There is another dimension to moving private beds out of the NHS, which is that I used to be able to take my trainees with me to the private hospital to assist me with my operations. That was a level of learning that they would often not have the opportunity to access, particularly if it was related to overseas patients with conditions that they had not previously seen. It was a learning opportunity which is now more or less lost. Junior trainees are very rarely able to escort their consultants to work in the private sector.

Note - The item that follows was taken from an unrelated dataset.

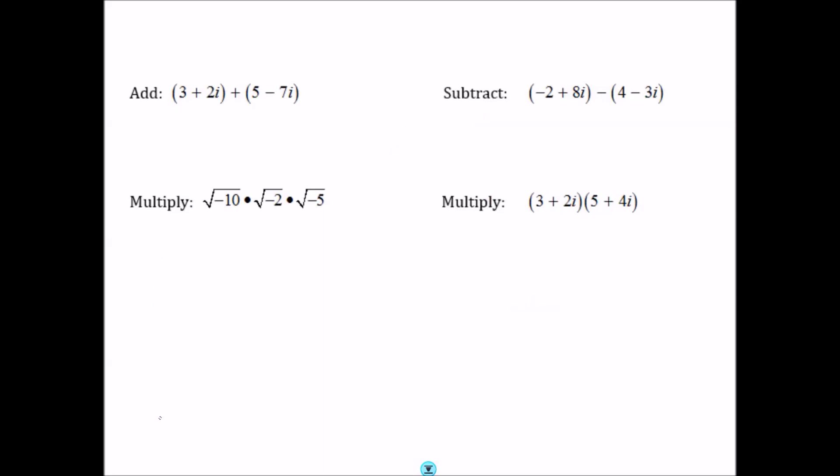Let's do some operations with complex numbers. We can add, subtract, and multiply them. Treat i the way you would treat x — combine the real parts together and the imaginary parts together. For example, for 3 plus 2i plus 5 minus 7i: the real parts 3 and 5 give 8, and the imaginary parts 2i and negative 7i give negative 5i. So the sum is 8 minus 5i.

As to the private cap, it will not surprise your Lordships that two big hospitals in London, the Royal Marsden and Great Ormond Street, have a massive number of private patients who seek treatment from those hospitals because they are the best in the world. A cap in that situation is against the best interests of those hospitals. Robert Naylor, the chief executive of UCLH, has been quoted as saying that it is entirely transparent where the money from private patients treated in the NHS goes: back into supporting services within the NHS. Maintaining the cap on private earnings in the NHS will damage the NHS. Patients who come in to have their treatment privately in the NHS are treated by consultants who treat both NHS and private patients. There is no difference between the two. To deny those hospitals the opportunity of attracting patients from overseas and the benefits going back to the NHS would be a disservice.

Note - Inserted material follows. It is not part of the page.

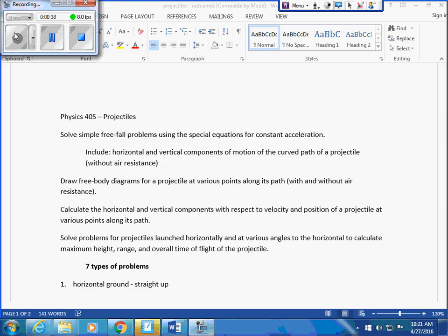Calculate the horizontal and vertical components with respect to velocity and position of a projectile. And solve problems for projectiles launched horizontally and at various angles to the horizontal to calculate maximum height, range, and overall time of flight of the projectile.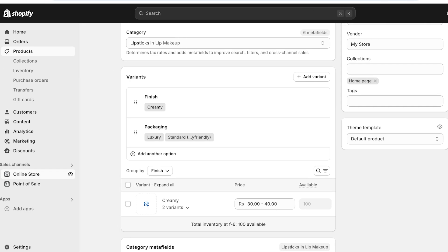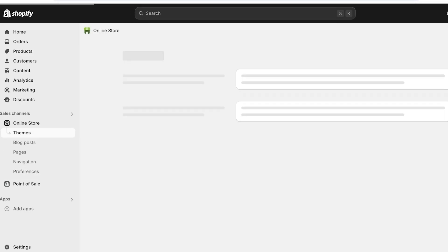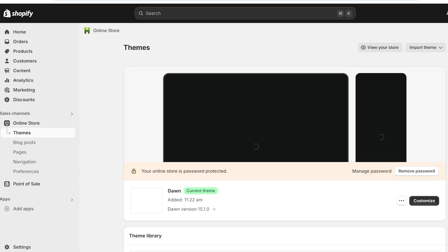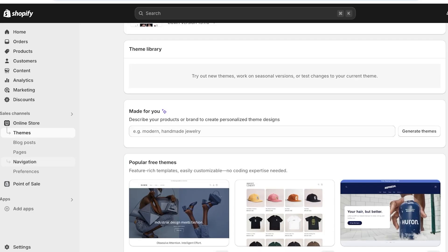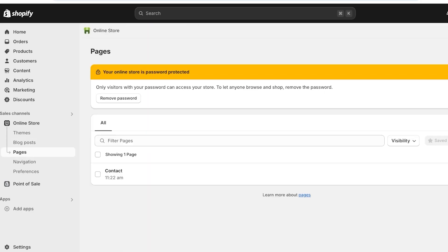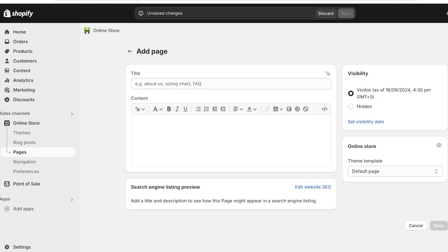If you go into your online store on the left and scroll, you can go into pages on the left. You can click on add page and you have no option to add a category. The way that you're going to build your categories is to add them as collections — that's the easiest and simplest way to add categories into your Shopify store.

I have looked at this amendment and, clearly, the intention is to ensure equality of care. I was watching the monitor upstairs in my office and heard the introduction to this debate. I am sorry that I was not here. The meaning behind the amendment is right. There should be equality. I am not sure whether it can be achieved in the way that has been described. The noble Lord was quite right in saying that the clinical treatment-this is not about food, beds or those sorts of facilities-that is provided should be the same.

As a working consultant until just three years ago I would say this. We used to have a system in the NHS whereby we had block booking for outpatient appointments. Four patients would be booked at 9 am, another four patients at 9.05 am, another four patients at 9.10 am and so it went on until all the patients were booked in until 11 am. Clearly, they did not have two minutes each. Patients were left sitting in the clinics waiting and waiting and waiting until they could be seen. I decided after some time that that was not acceptable and made the point of giving my NHS patients appointments in exactly the same way as my private patients. They all had 15 minutes each. It was exactly the same as in the private sector. Some private patients might just have a mole so it might take me only five or 10 minutes to make a diagnosis. For someone with bowel cancer it could take 30 minutes. That way, you can manage your practice. There is a requirement for individual consultants to be conscious of the fact that they must deliver the same standard of care irrespective of how that patient finances their treatment.